Dulu, media sosial hanya digunakan untuk chatting namun kini media sosial juga digunakan para politikus untuk melakukan propaganda, memengaruhi opini publik dan kampanye.
“Contoh yang masih hangat adalah saat pilkada DKI 2016 lalu. Seperti kita tahu media sosial dijadikan sebagai alat untuk mencaci maki, membenci, serta menyebarkan ujaran kebencian oleh masing-masing pendukung calon. Banyaknya distorsi informasi telah menyebabkan gesekan-gesekan antar lapisan masyarakat dan umat beragama serta melahirkan sikap intoleransi,”ujar Dirjen Informasi dan Komunikasi Publik Kementerian Komunikasi dan Informatika Rosarita Niken Widiastuti dalam Seminar Nasional bertajuk ‘Transformasi Komunikasi Sosial di Era Digital’, di Sorong, Papua (14/8).
Karena itu, Niken mengingatkan agar masyarakat hati-hati dalam menyebarkan informasi. Informasi palsu atau hoaks memang sengaja dibuat untuk memengaruhi persepsi. Banyak pula informasi yang isinya memcaci maki pimpinan. “Janganlah kita ikut menyebar, karena ada ancaman hukuman penjara enam tahun.”jelas mantan penyiar RRI ini.
Menurut Niken, media sosial membuat semua orang zaman sekarang seolah-olah bisa berperan sebagai pemilik media, kreator sekaligus penyebar informasi. Tak heran, dengan mudahnya setiap orang bisa menyebarkan informasi apa saja tanpa ada yang memverifikasi. Termasuk yang ada dalam pikirannya. Langsung dibagi meskipun itu bohong dan palsu.
“Disinilah pentingnya sikap hati-hati. Jadi, tak salah bila media sosial kemudian disebut sebagai pilar kelima dari demokrasi. Tidak hanya legislatif, eksekutif, yudikatif, dan media mainstream.

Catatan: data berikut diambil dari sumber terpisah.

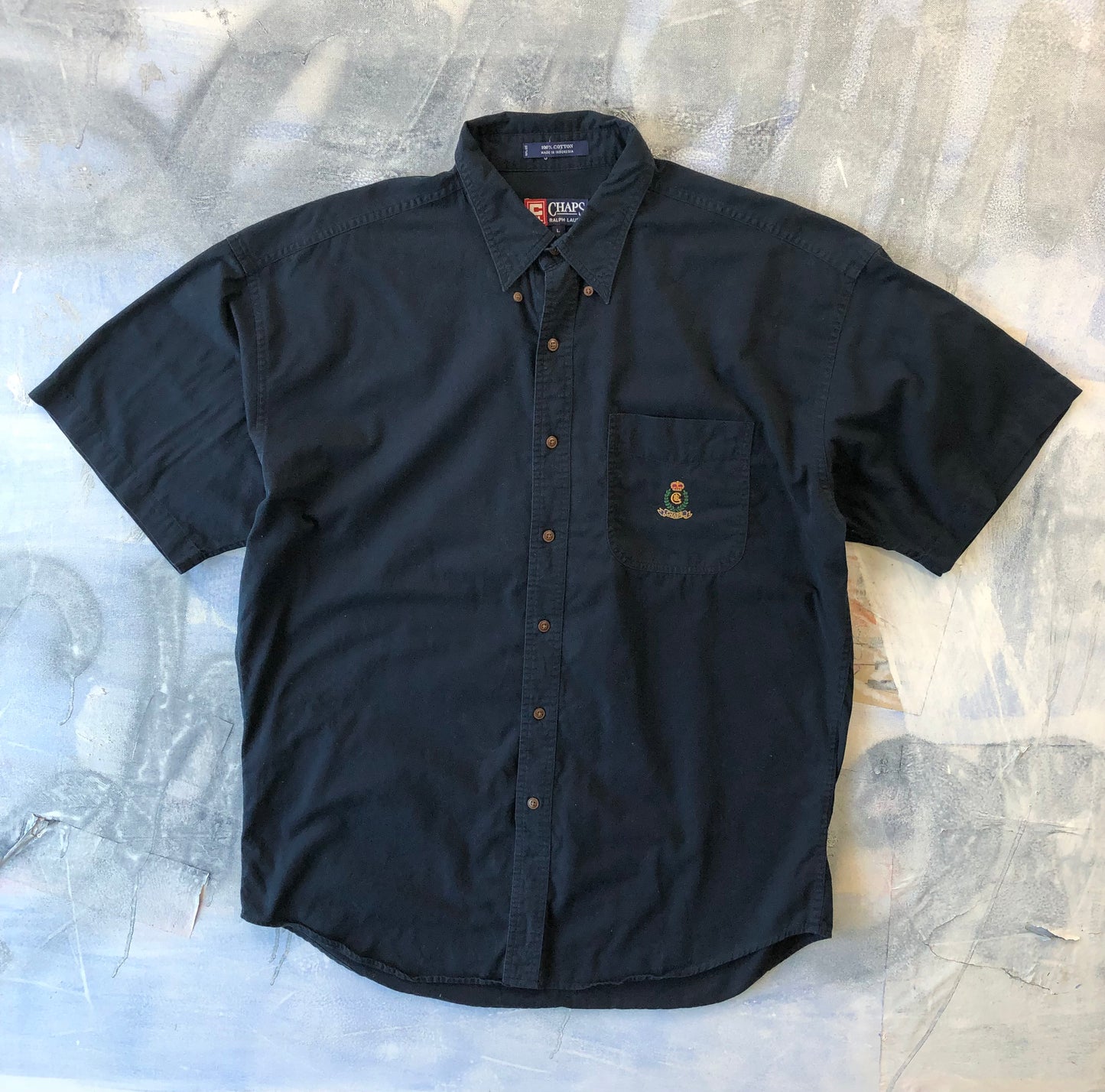 Vintage Chaps Ralph Lauren Short Sleeve Button Shirt L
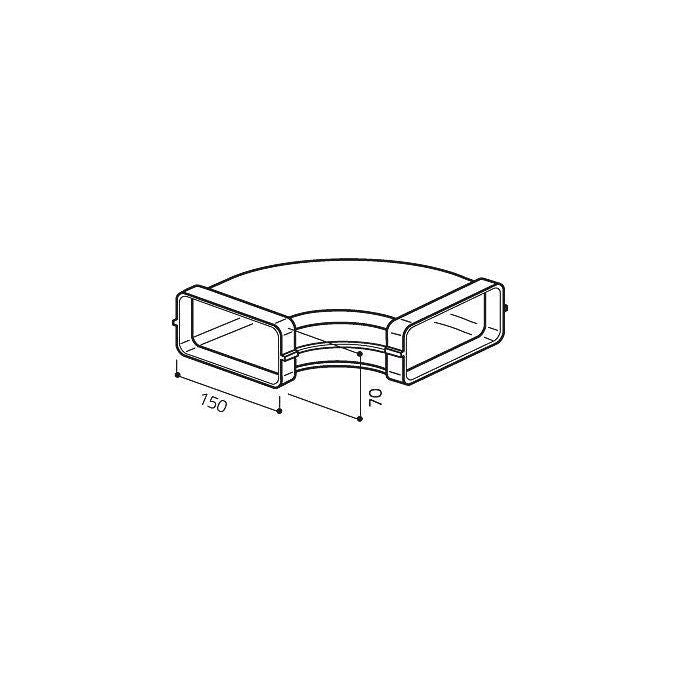 Elica 1052E Curva Rettangolare Orrizontale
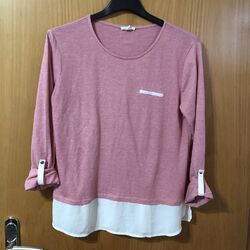 Esprit Hübsches Blusenshirt Shirt Tunika Bluse Doppellook  Jersey Gr. 40 L Rosa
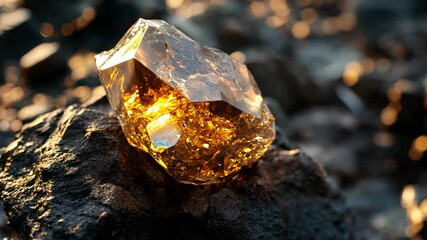 Golden nugget resting on dark rocks, illuminated by warm sunlight.  Detailed close-up showcasing its crystalline structure and amber hues - Powered by Adobe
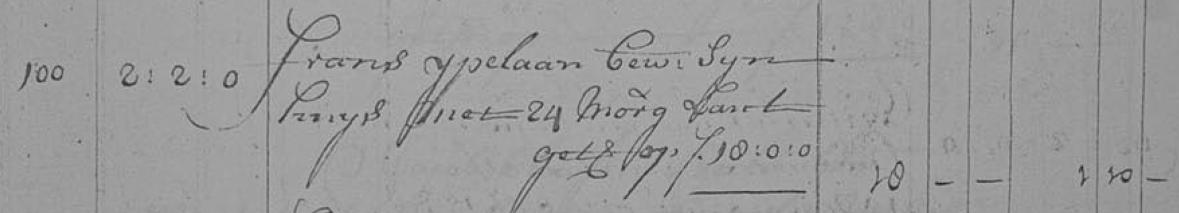 Inschrijving Verpondingenregister, 1733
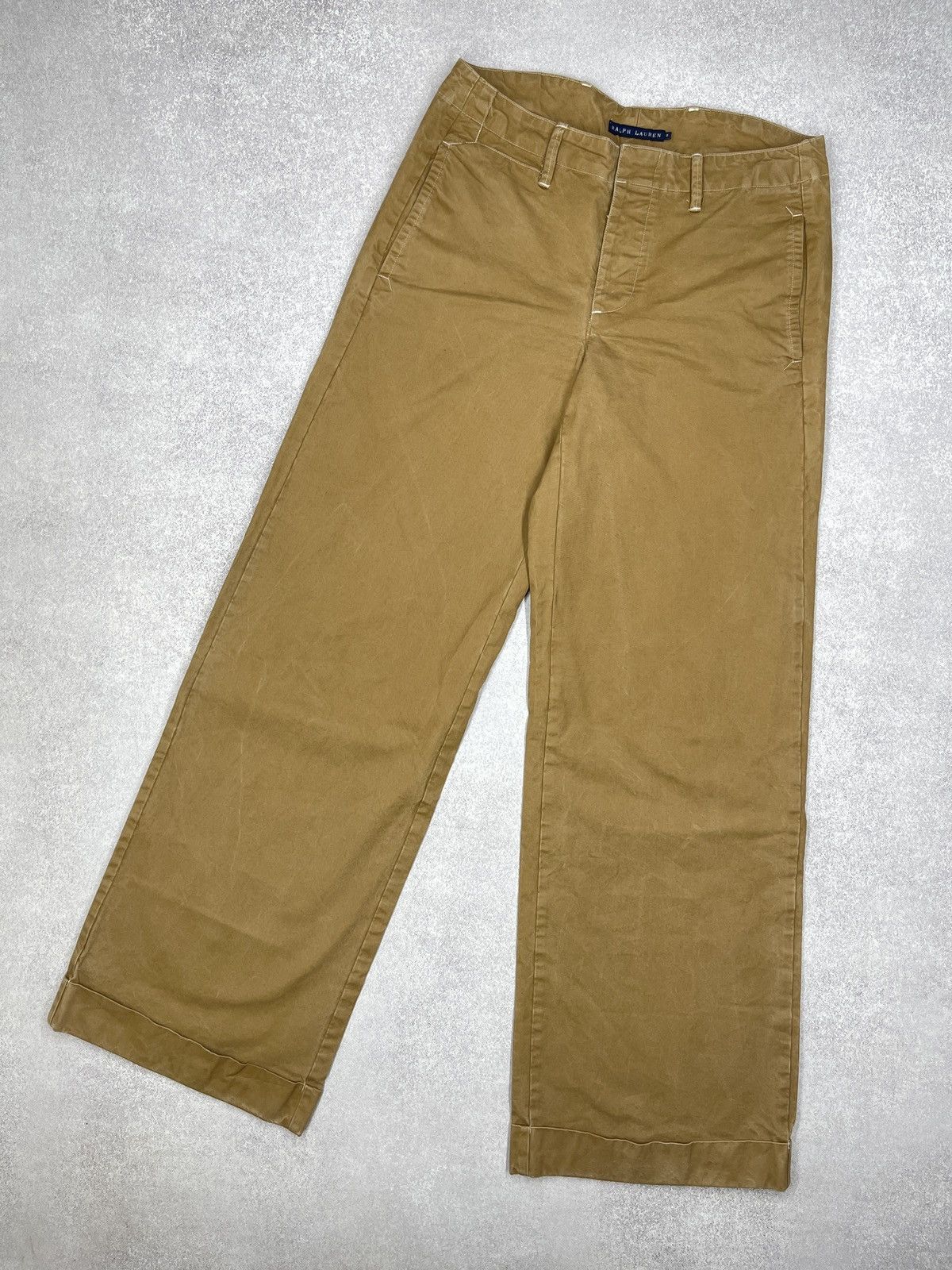 Polo Ralph Lauren Vintage Polo Ralph Lauren Baggy Cowboy Pants Beige Y2K Rugby Size 30" / US 8 / IT 44 - 6 Thumbnail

Karena betapa ia sangat berpengaruh pada dunia politik. Semoga tidak ada lagi unsur-unsur SARA, karena ini sangat berbahaya, dapat menyebabkan disintegrasi bangsa.”terang Niken.
Yang memprihatinkan lagi, rendahnya tingkat literasi media masyarakat membuat situasi makin parah. Karena itu, dalam kesempatan itu Niken mengajak generasi muda (anak zaman now) agar memanfaatkan ruang-ruang kosong di media sosial untuk memosting hal/ berita baik, berita gembira, serta informasi positif yang dapat menyentuh jiwa seperti nilai-nilai kemanusiaan dan persaudaraan.
“Mari adik-adik mulai sekarang, setiap hari kita isi media sosial kita dengan hal-hal yang positif, hal-hal yang memiliki nilai-nilai kemanusiaan dan persaudaraan,”ujar Niken.